Work item: Using the data that follows, give again word for word the lines between the one holding "Zimbabwe batsman Andy" and the one holding "A person with", inclusive. Omit the pictures.

Provided data:

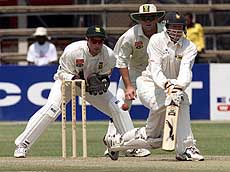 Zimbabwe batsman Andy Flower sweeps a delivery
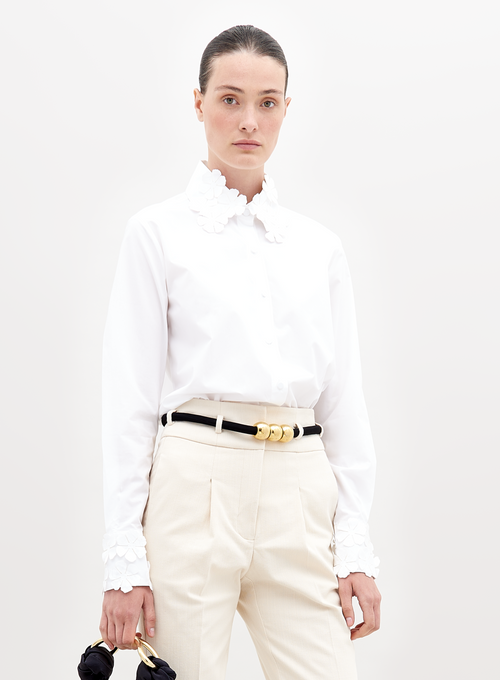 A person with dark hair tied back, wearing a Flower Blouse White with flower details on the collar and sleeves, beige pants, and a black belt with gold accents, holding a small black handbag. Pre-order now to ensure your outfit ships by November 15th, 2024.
...
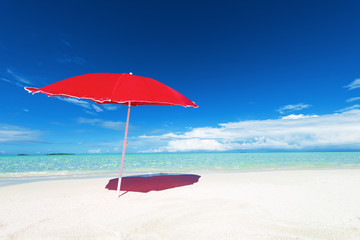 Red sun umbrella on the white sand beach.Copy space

Answer section:
 Zimbabwe batsman Andy Flower sweeps a delivery
 A person with dark hair tied back, wearing a Flower Blouse White with flower details on the collar and sleeves, beige pants, and a black belt with gold accents, holding a small black handbag. Pre-order now to ensure your outfit ships by November 15th, 2024.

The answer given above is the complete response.